• SOURCE MATERIAL:
"""
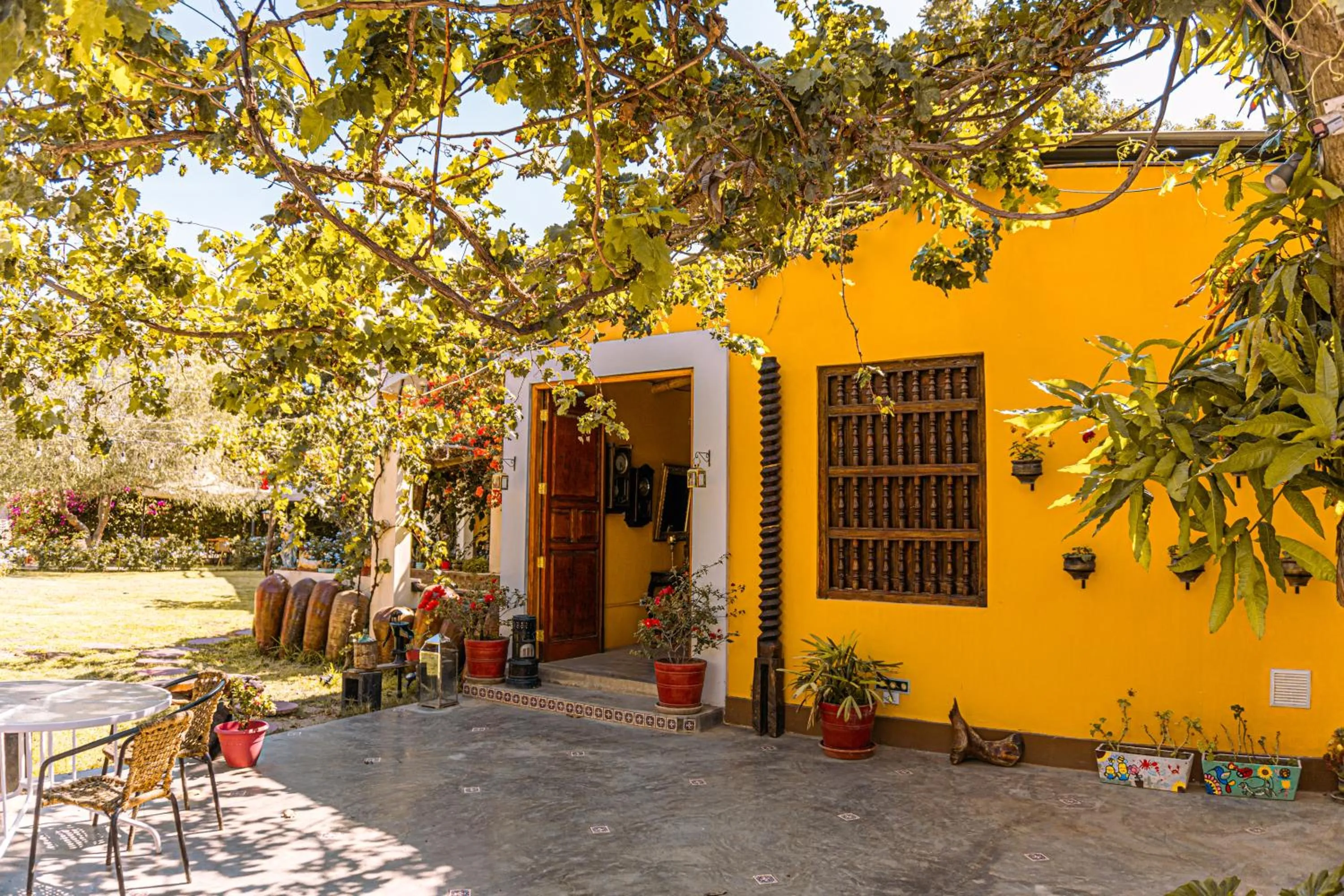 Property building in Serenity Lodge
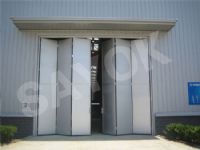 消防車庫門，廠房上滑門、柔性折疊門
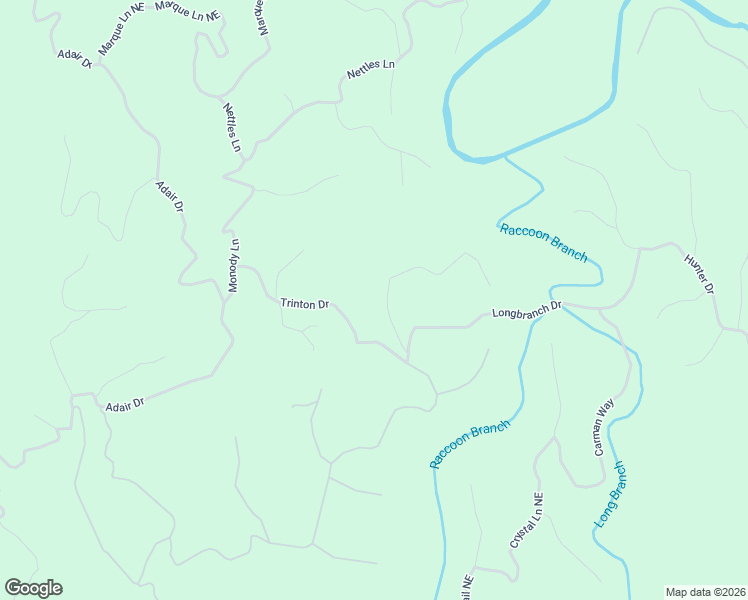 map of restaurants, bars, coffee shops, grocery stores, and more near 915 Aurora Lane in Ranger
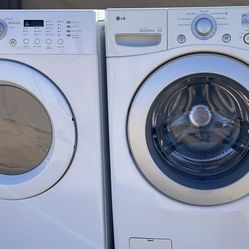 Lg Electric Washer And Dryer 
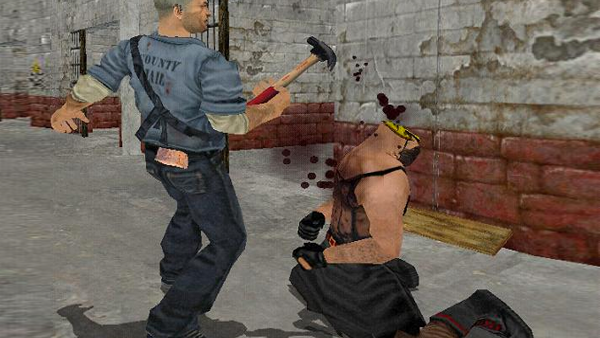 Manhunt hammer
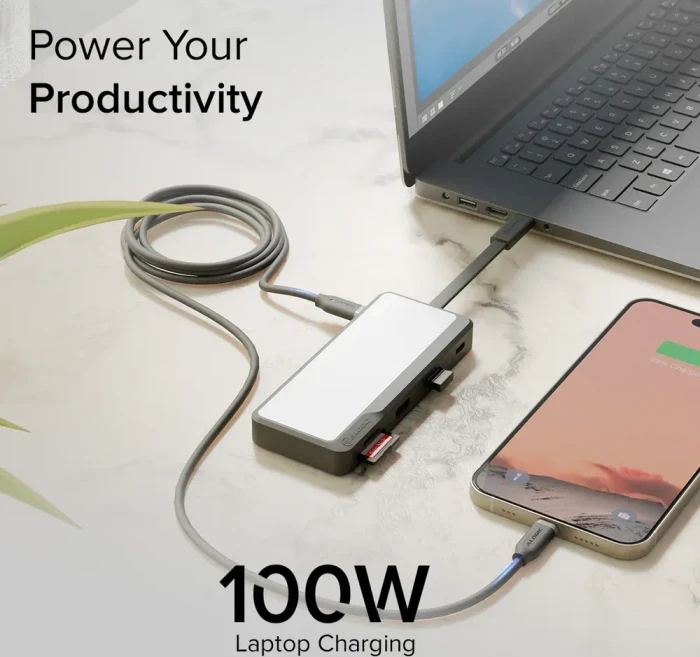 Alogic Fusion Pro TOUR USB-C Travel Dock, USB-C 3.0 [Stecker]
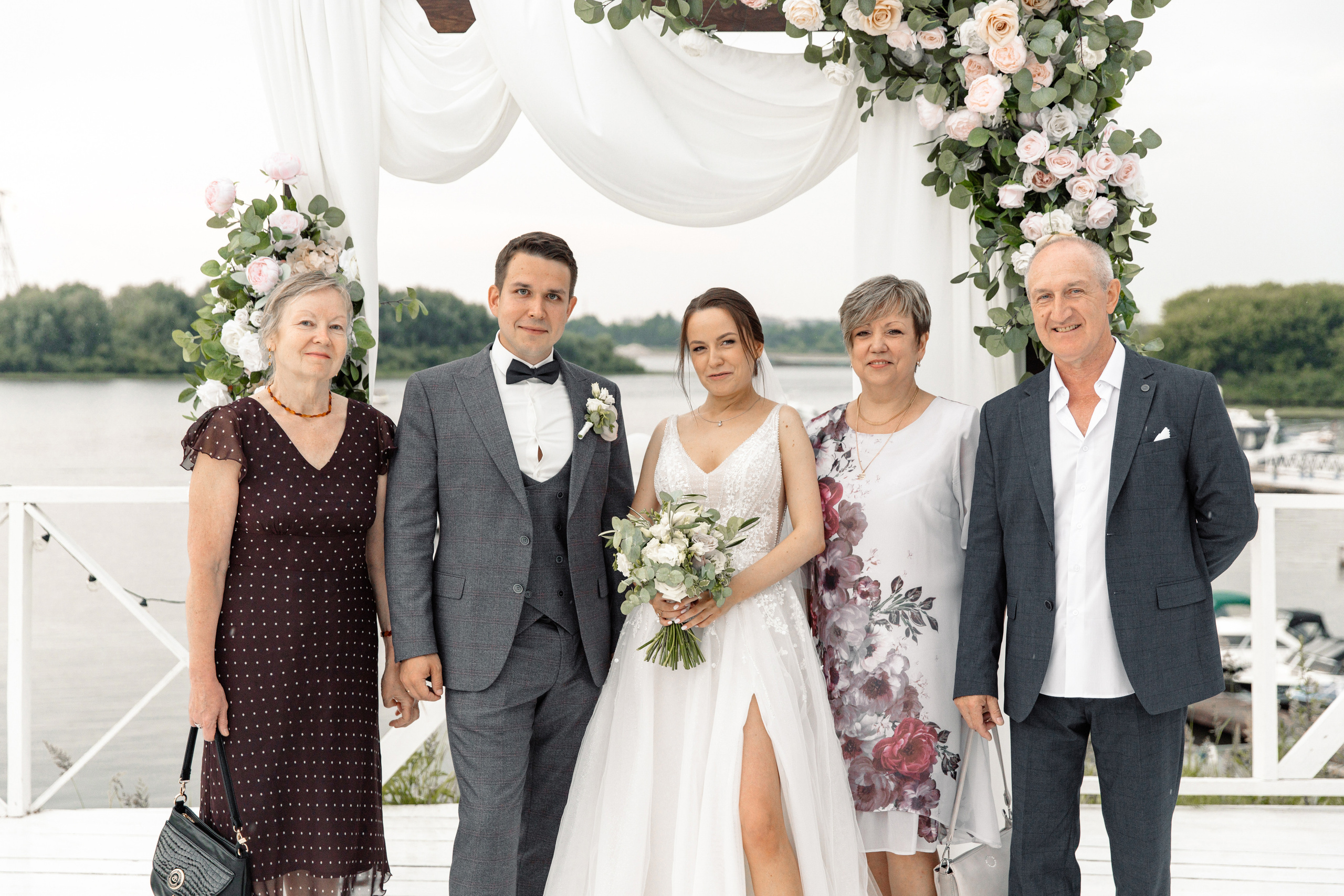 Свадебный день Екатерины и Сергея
"""
"""
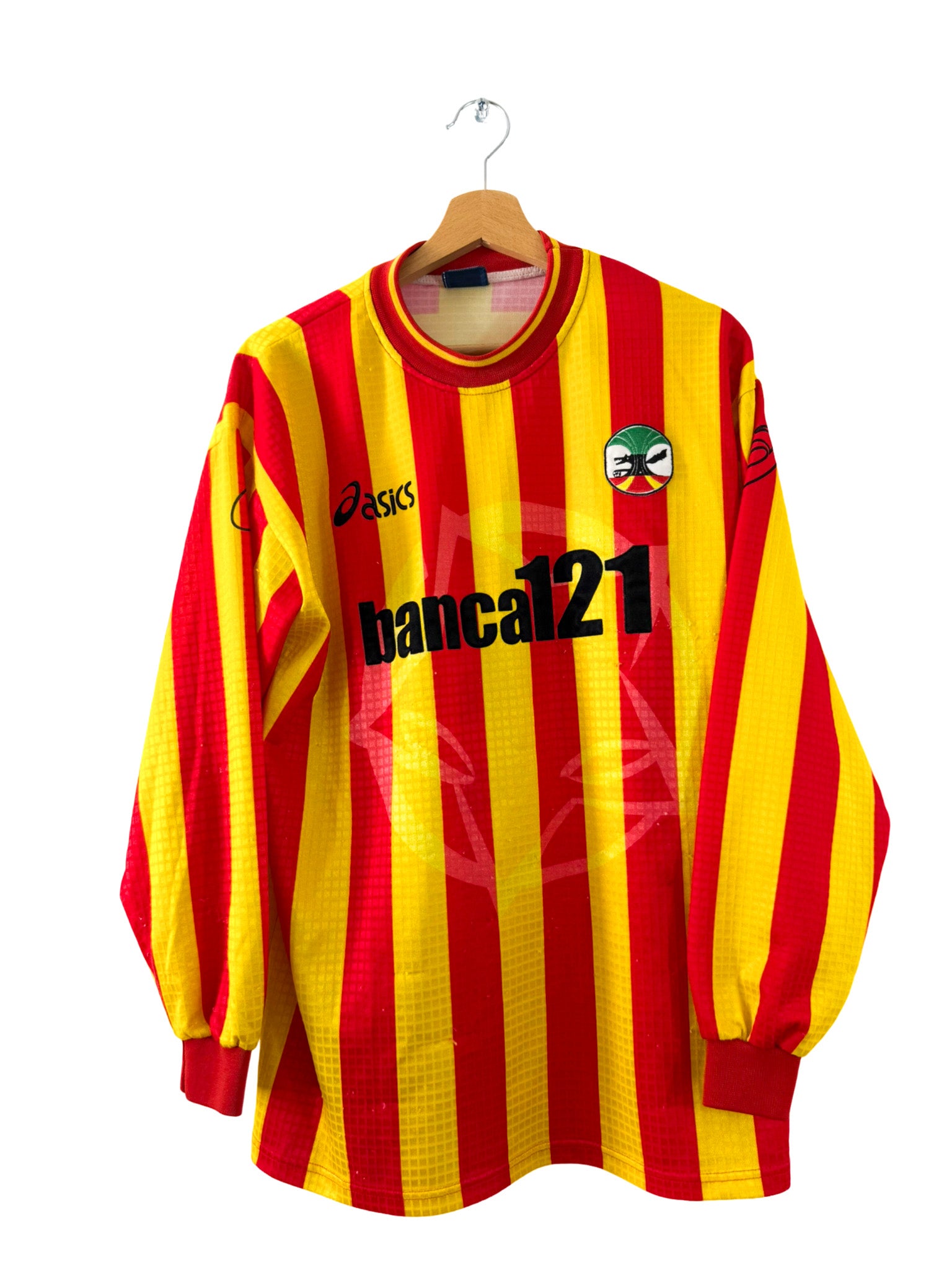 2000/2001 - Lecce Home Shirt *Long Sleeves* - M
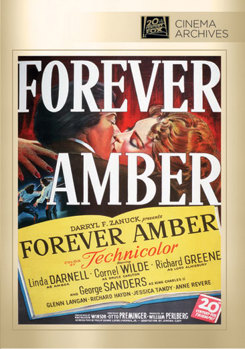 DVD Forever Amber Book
"""
• PROMPT: Now transcribe the lines above exactly, starting at the line containing "Alogic Fusion Pro" and ending at the line containing "Свадебный день Екатерины и Сергея", both lines included, pictures excluded.

• TASK RESULT:
 Alogic Fusion Pro TOUR USB-C Travel Dock, USB-C 3.0 [Stecker]
 Свадебный день Екатерины и Сергея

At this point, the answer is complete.